As reaginas são encontradas no soro e na pele de pessoas hipersensíveis a alérgenos. Mesmo em pessoas com níveis de sensibilidade “normais”, estes anticorpos existem em quantidades muito menores. A maioria deles pertence à fração da imunoglobulina E (IgE ) no sangue. Quando um alérgeno entra no corpo, esses anticorpos se ligam a ele, desencadeando a liberação de histamina e outras substâncias químicas que causam inflamação, coceira e inchaço.
Como as reaginas diferem de outros anticorpos
Os Reagins têm algumas peculiaridades que os diferenciam de outros participantes do sistema imunológico. Eles são frágeis. O calor pode destruí-los facilmente. Eles também têm uma vida útil surpreendentemente longa em comparação com outros tipos de anticorpos, o que lhes permite permanecer no corpo por longos períodos.
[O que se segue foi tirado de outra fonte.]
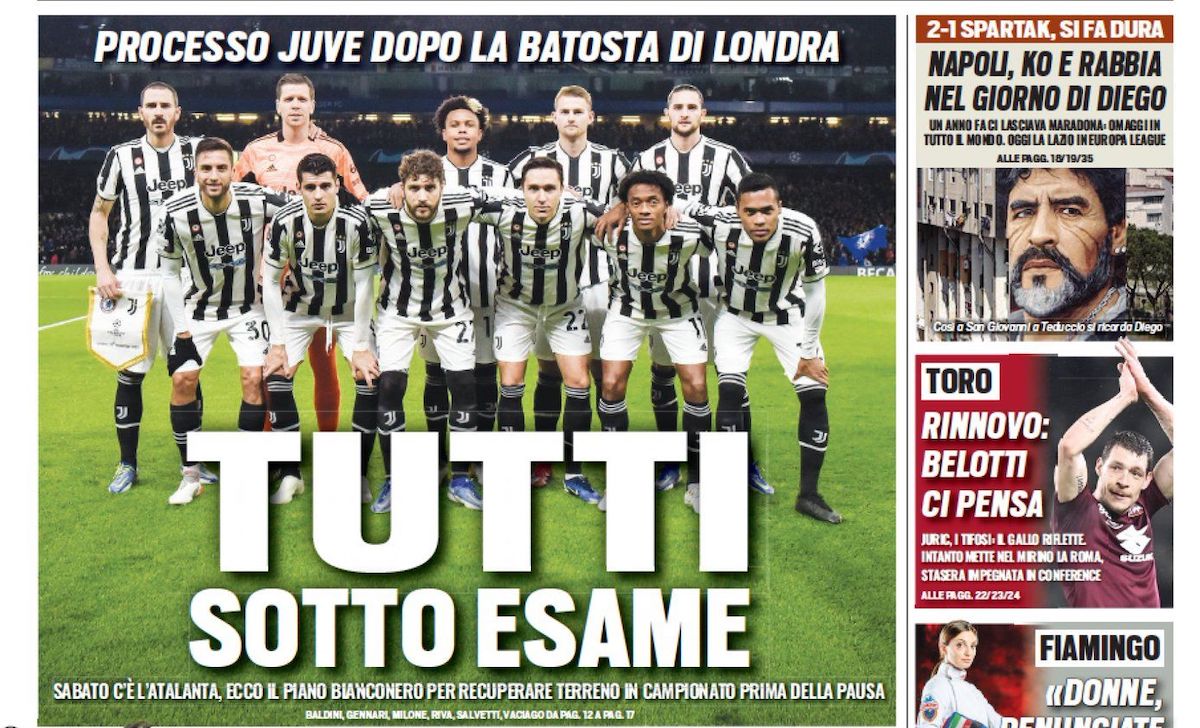 tuttosport 14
Uma das características mais interessantes é a incapacidade de atravessar a barreira placentária. Isso significa que uma mãe alérgica não pode passivamente tornar seu filho alérgico durante a gravidez. O bebê nasce sem esses anticorpos específicos. No entanto, os anticorpos reagínicos podem ser transferidos de uma pessoa para outra através de transfusão de sangue. Se uma pessoa não alérgica receber sangue de um doador alérgico, ela poderá desenvolver alergias idênticas temporárias por um curto período de tempo.
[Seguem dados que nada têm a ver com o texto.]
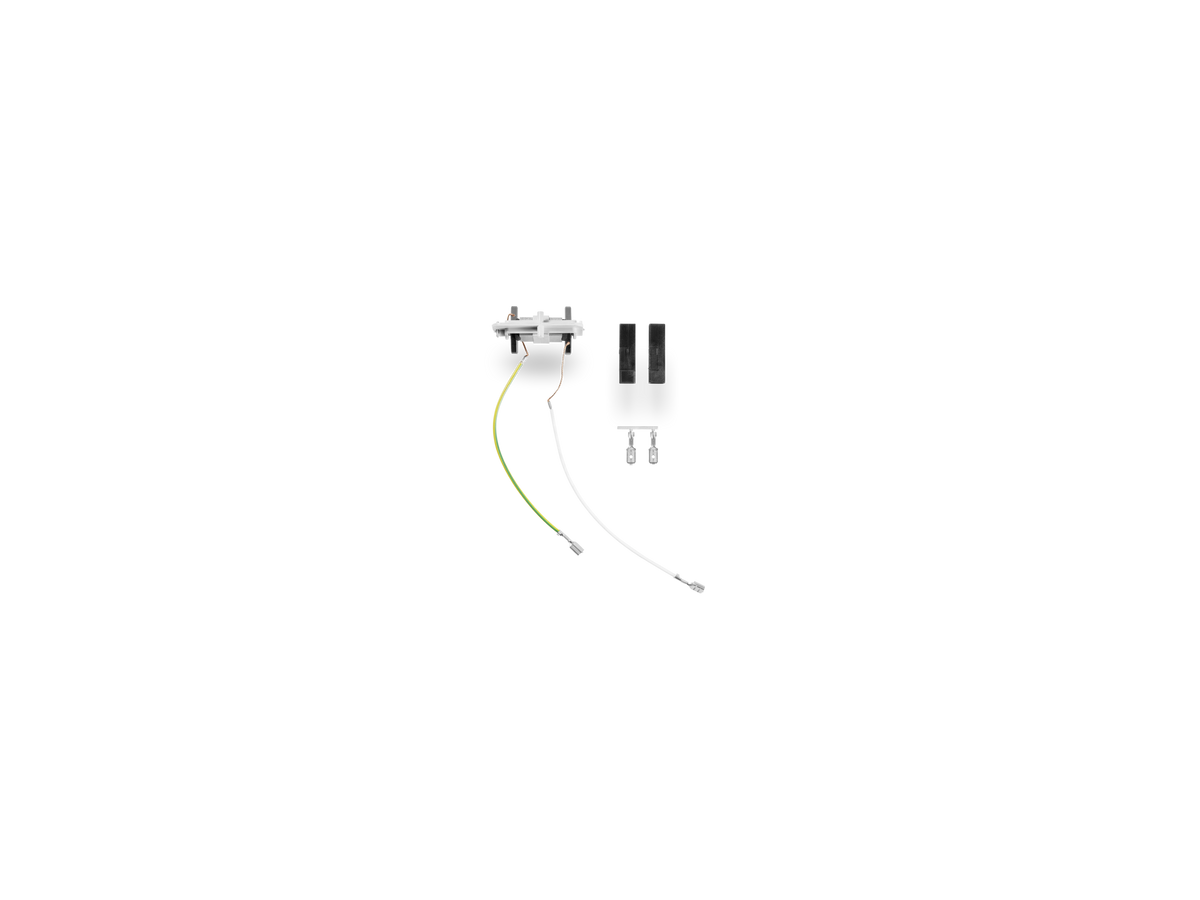Miele Carbon Brush - Part 5153702 - Miele 5153702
Por que isso é importante para a compreensão da atopia
O estudo das reaginas ajuda a explicar a natureza da atopia – a tendência genética de desenvolver doenças alérgicas como eczema, asma e febre do feno. Embora a maioria dos anticorpos reagínicos sejam IgE, nem todos os anticorpos IgE são necessariamente “reaginas” no sentido tradicional. A distinção é importante porque destaca o quão específicas as respostas imunológicas podem ser.
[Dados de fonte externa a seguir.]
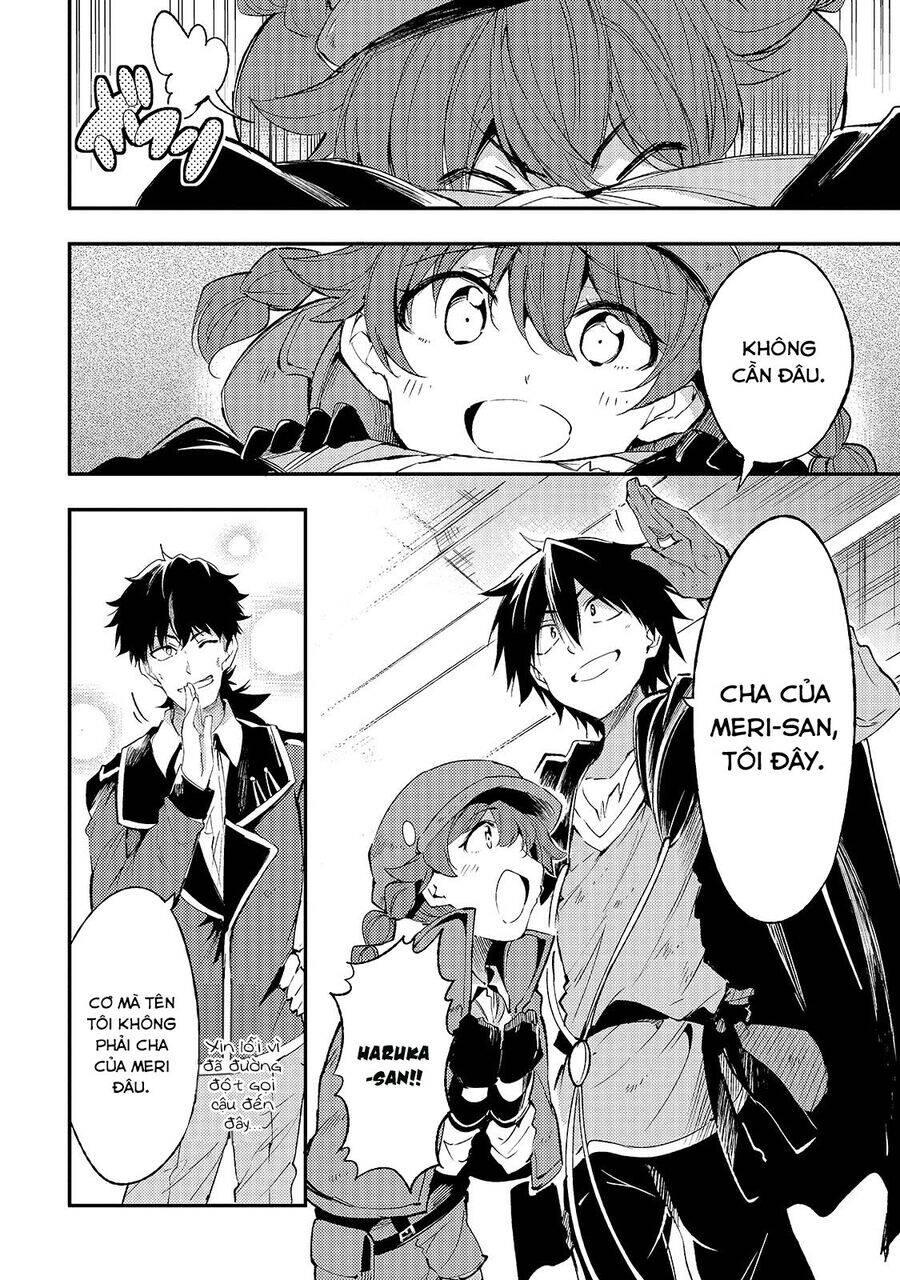 Hitoribocchi No Isekai Kouryaku - Chapter 103 - Page 13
Se você estiver investigando por que certas alergias persistem ou como são diagnosticadas, compreender as reaginas fornecerá uma imagem mais clara. Não são apenas respostas imunológicas aleatórias; são proteínas especializadas projetadas para reagir a gatilhos específicos.
O papel da IgE no tratamento moderno de alergias
Hoje, a ciência médica concentra-se fortemente na IgE porque ela é o principal mediador das reações de hipersensibilidade do tipo imediato. Medicamentos como o omalizumabe atuam visando a IgE para evitar que ela se ligue aos mastócitos, reduzindo efetivamente a gravidade das reações alérgicas.
Embora o termo “reagina” seja menos comum nos ambientes clínicos modernos, o conceito permanece central na medicina antialérgica. Lembra-nos que o nosso sistema imunitário não é apenas um escudo; também pode ser um guardião excessivamente zeloso, confundindo substâncias inofensivas como pólen ou proteínas de amendoim com invasores perigosos.
“As reaginas são facilmente destruídas pelo aquecimento, não atravessam a barreira placentária e têm uma vida útil muito mais longa do que outros tipos de anticorpos.”
Compreender essas nuances pode ajudá-lo a entender seus testes de alergia e opções de tratamento. Não se trata apenas de evitar gatilhos; trata-se de compreender a maquinaria biológica por trás da reação. E embora a ciência continue a desvendar mais detalhes, uma coisa é certa: as reaginas desempenham um papel significativo na forma como vivenciamos o mundo que nos rodeia.